_Task objective_. Only some lines are wanted. Transcribe, exactly, the lines below from the line with "Once you have" up to and including the line with "The package includes".

_The records_.
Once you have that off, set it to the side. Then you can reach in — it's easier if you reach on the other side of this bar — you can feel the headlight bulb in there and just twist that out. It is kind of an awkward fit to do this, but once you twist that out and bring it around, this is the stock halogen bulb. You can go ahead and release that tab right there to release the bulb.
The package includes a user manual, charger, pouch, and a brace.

--

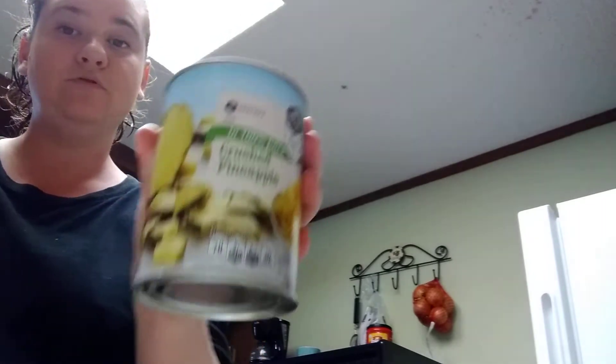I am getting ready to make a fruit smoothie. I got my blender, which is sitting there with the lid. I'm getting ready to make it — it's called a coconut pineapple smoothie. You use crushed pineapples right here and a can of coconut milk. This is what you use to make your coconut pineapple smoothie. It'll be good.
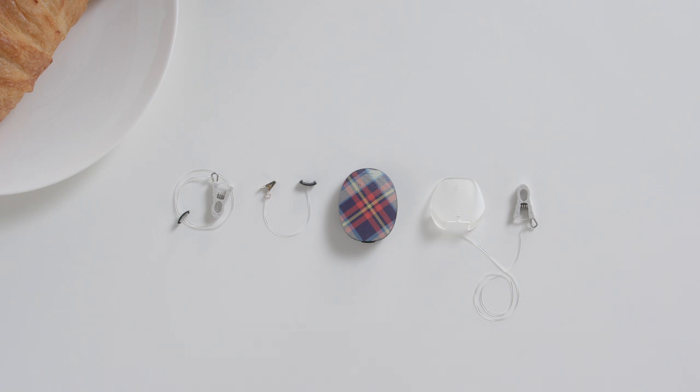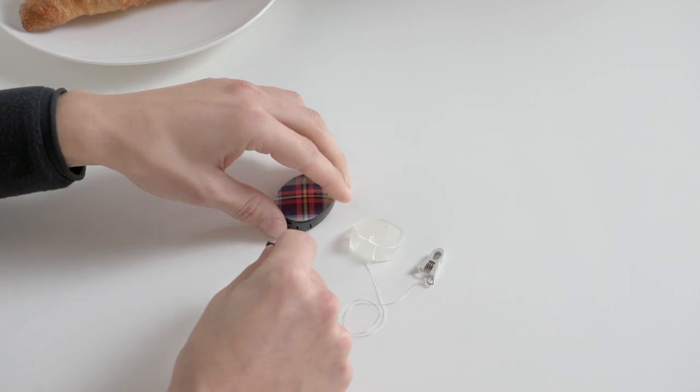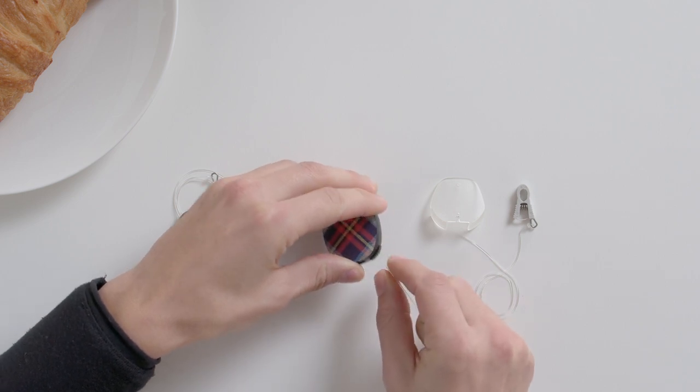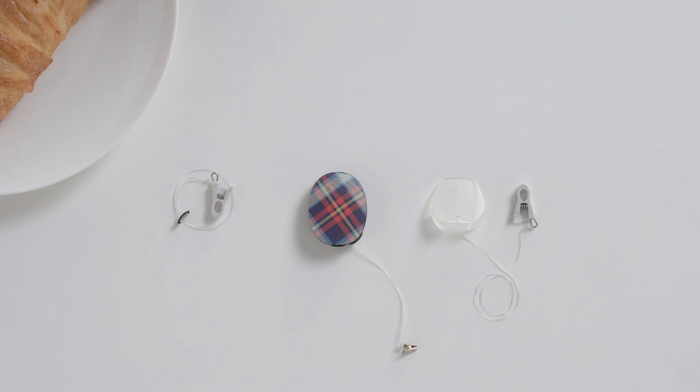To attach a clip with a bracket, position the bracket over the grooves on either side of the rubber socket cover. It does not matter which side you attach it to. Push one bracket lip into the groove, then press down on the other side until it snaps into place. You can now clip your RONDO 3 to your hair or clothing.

...

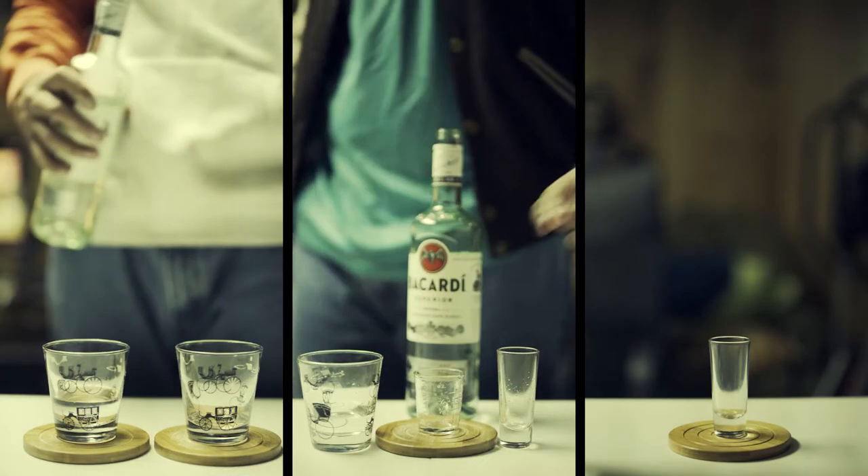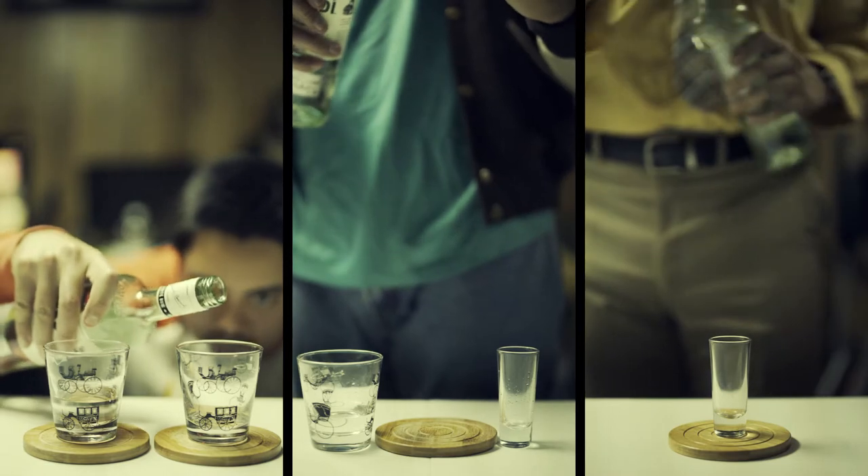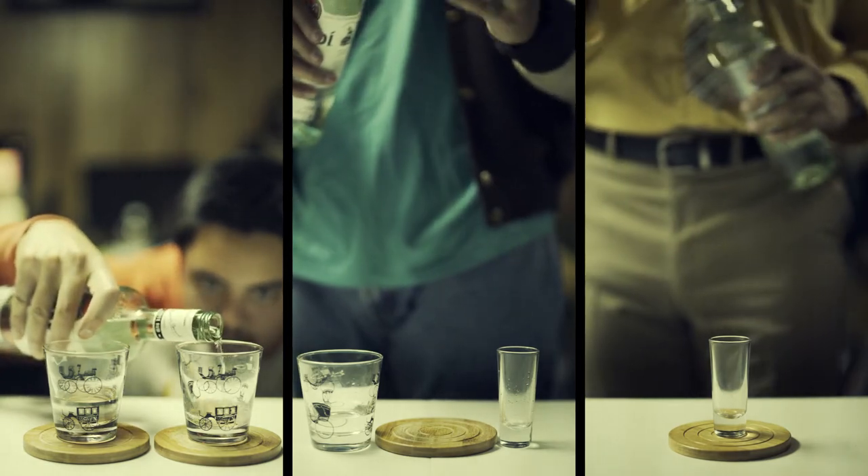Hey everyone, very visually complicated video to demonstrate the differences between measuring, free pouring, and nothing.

_Answer section_.
Once you have that off, set it to the side. Then you can reach in — it's easier if you reach on the other side of this bar — you can feel the headlight bulb in there and just twist that out. It is kind of an awkward fit to do this, but once you twist that out and bring it around, this is the stock halogen bulb. You can go ahead and release that tab right there to release the bulb.
The package includes a user manual, charger, pouch, and a brace.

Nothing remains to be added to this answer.